Low-dose THC may reduce side effects of HIV medication, study finds

SAN ANTONIO — Long-term, ultra-low doses of THC may reduce chronic inflammation and mitigate the harmful side effects of HIV treatments, according to a new study from the Texas Biomedical Research Institute.

The pre-clinical research focused on THC, the primary active compound in cannabis. Scientists administered extremely low doses that did not produce psychoactive effects, such as euphoria, while monitoring the impact on health.

Researchers observed several potential benefits, including reduced inflammation, lower cholesterol, and a decrease in toxic secondary bile acids. The study also recorded higher levels of serotonin.

One of the most significant findings was that viral suppression remained effective even with lower concentrations of antiretroviral therapy (ART) drugs in the blood. Researchers say this could potentially reduce the long-term burden on the liver for patients.

The study, published in the journal Science Advances, was conducted using non-human primate models that closely mimic humans living with HIV and undergoing ART.

While modern antiretroviral therapy effectively controls HIV, long-term use of the medication is known to cause secondary health issues. Researchers noted that further studies are required to determine if these results can be replicated in humans.

The core significance of this research lies not in the broad medicalization of cannabis, but in the specific application of ultra-low-dose THC at non-psychoactive levels. By isolating therapeutic benefits from the "high" associated with recreational use, the study outlines a commercially viable and politically less volatile pathway for pharmaceutical development.

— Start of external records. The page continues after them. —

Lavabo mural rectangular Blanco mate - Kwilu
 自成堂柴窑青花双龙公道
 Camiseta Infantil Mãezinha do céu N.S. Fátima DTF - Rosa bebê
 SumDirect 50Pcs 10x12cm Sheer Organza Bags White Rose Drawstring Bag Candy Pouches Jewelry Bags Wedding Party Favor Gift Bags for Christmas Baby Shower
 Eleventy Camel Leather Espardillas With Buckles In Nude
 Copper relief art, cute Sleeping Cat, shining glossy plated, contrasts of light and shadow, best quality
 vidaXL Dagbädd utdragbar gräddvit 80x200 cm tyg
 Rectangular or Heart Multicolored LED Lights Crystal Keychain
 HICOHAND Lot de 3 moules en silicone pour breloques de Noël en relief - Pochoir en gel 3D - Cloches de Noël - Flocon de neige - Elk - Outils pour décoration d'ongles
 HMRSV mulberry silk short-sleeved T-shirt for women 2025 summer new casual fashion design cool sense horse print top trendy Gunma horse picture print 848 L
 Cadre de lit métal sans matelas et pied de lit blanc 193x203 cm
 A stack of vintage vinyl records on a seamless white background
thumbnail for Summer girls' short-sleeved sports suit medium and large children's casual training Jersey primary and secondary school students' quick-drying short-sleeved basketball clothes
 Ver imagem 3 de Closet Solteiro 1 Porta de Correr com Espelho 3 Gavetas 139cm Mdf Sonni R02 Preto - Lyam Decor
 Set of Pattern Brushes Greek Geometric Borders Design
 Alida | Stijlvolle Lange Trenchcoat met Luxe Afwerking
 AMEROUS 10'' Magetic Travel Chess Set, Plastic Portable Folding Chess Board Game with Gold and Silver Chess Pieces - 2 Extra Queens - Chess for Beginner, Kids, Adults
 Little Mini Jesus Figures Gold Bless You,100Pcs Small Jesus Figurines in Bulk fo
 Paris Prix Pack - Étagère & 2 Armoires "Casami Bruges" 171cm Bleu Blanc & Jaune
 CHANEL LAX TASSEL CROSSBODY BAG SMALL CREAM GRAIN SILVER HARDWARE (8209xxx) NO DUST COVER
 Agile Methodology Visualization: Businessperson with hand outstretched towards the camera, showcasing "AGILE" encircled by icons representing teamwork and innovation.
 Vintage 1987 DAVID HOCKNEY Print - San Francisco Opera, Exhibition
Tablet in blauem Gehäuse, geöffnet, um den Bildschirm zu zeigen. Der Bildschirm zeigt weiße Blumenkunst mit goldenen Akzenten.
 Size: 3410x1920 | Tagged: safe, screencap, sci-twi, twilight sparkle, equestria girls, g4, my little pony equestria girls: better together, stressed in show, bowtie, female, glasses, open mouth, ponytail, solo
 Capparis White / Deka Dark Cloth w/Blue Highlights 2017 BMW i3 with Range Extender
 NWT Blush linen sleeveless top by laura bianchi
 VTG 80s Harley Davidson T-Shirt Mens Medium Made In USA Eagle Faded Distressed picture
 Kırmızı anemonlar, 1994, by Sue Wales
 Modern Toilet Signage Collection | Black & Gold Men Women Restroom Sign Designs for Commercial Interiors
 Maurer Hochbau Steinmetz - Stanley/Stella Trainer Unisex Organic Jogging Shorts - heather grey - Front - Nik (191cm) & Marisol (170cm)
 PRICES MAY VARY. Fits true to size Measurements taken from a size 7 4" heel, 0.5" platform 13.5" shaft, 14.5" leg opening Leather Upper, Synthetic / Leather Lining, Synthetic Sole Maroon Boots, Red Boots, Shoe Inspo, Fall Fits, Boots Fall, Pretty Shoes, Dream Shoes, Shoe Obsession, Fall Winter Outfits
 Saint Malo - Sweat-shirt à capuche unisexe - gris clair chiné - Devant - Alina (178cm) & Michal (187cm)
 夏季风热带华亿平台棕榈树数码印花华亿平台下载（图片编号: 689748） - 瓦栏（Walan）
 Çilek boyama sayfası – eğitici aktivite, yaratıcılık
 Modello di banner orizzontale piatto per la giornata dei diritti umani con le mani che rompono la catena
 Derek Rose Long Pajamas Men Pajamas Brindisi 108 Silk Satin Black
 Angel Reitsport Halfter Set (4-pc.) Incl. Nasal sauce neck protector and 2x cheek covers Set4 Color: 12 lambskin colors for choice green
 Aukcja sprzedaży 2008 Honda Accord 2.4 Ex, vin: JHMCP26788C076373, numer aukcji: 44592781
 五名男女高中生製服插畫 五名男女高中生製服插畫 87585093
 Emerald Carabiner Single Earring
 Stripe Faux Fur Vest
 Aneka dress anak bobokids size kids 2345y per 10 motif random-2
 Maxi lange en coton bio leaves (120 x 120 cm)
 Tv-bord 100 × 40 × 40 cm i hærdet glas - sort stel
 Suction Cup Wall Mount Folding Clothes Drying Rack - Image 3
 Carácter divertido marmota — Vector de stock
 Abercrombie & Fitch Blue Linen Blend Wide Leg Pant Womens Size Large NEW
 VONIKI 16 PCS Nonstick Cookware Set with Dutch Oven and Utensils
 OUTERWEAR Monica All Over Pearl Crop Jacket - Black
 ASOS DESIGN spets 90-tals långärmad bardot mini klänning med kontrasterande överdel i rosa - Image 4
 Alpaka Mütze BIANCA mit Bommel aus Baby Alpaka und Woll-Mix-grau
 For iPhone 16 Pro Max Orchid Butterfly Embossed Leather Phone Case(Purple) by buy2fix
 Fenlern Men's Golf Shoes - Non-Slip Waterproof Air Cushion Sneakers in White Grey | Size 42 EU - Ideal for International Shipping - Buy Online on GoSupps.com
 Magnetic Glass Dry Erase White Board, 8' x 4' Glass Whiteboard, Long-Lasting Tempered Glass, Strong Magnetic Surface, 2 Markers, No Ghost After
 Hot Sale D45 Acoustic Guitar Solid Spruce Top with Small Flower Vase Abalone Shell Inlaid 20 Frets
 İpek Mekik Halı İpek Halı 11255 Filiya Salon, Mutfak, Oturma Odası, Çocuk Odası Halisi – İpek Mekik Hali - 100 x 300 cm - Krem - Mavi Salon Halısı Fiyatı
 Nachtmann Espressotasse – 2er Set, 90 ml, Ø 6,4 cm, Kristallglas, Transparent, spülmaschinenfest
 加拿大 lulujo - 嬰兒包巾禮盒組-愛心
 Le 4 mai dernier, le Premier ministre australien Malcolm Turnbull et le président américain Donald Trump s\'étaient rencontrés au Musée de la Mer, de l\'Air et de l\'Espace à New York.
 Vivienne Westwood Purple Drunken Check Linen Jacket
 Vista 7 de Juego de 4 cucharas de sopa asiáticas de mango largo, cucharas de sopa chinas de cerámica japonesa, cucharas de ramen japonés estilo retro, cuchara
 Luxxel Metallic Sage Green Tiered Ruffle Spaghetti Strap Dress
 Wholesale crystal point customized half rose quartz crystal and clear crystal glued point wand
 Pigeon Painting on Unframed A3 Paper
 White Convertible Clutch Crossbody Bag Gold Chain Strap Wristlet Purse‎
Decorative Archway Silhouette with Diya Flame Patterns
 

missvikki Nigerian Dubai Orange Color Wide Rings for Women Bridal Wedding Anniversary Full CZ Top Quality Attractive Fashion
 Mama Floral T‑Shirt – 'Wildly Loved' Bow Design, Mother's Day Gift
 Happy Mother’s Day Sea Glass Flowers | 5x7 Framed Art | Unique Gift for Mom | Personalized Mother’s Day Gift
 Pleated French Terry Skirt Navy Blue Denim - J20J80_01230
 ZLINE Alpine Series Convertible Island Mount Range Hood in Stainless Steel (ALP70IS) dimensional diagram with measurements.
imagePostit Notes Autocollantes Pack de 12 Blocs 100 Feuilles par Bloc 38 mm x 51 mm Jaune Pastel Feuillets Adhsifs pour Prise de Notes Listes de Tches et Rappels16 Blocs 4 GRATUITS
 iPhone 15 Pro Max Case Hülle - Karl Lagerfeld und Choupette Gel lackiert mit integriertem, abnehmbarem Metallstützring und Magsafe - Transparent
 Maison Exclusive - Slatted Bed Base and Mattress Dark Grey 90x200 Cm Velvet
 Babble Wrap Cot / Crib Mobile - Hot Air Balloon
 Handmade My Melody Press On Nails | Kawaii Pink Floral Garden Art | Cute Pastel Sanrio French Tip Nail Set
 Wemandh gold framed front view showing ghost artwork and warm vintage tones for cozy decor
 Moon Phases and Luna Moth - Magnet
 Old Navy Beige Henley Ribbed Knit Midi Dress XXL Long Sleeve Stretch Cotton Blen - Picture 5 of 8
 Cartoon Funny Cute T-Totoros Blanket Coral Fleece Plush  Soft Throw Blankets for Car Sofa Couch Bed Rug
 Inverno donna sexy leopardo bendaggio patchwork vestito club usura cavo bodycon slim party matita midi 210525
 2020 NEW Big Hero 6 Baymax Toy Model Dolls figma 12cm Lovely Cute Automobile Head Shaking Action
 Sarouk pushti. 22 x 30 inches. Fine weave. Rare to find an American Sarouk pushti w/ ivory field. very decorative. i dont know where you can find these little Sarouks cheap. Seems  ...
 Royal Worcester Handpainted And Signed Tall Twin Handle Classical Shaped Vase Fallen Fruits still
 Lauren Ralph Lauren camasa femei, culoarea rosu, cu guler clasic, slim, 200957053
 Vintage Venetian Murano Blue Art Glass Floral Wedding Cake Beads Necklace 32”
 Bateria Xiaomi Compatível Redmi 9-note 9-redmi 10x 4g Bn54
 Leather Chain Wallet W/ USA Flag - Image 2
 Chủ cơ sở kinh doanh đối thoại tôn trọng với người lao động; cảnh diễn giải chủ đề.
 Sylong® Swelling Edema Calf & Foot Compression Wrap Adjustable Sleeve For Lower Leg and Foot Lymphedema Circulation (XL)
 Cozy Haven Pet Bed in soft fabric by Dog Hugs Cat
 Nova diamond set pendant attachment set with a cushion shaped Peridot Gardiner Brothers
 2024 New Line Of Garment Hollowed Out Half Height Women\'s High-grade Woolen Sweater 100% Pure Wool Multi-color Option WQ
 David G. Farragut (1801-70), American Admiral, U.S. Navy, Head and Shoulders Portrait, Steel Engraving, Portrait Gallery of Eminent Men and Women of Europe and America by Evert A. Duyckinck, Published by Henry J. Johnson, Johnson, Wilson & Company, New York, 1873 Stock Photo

The most critical finding involves the reduction of Antiretroviral Therapy (ART) concentrations in the body without compromising viral suppression. This addresses a major bottleneck in long-term HIV management: the cumulative toxicity of ART. For patients who have been on these regimens for decades, the resulting liver and organ damage remains a primary clinical challenge. If low-dose THC can indeed facilitate faster drug metabolism while maintaining efficacy, it would signal a paradigm shift in HIV care—moving the needle from mere survival to the long-term preservation of patient health and quality of life.

Furthermore, the data regarding serotonin modulation via the brain-gut axis suggests that the utility of low-dose THC may extend well beyond HIV. The mechanism points toward potential breakthroughs in treating chronic inflammation and neurological comorbidities, including clinical depression and the persistent symptoms of Long COVID. While these results stem from animal models, the methodological rigor and the breadth of positive outcomes provide a substantive foundation for the human clinical trials necessary to transition this from a laboratory finding to a regulatory reality.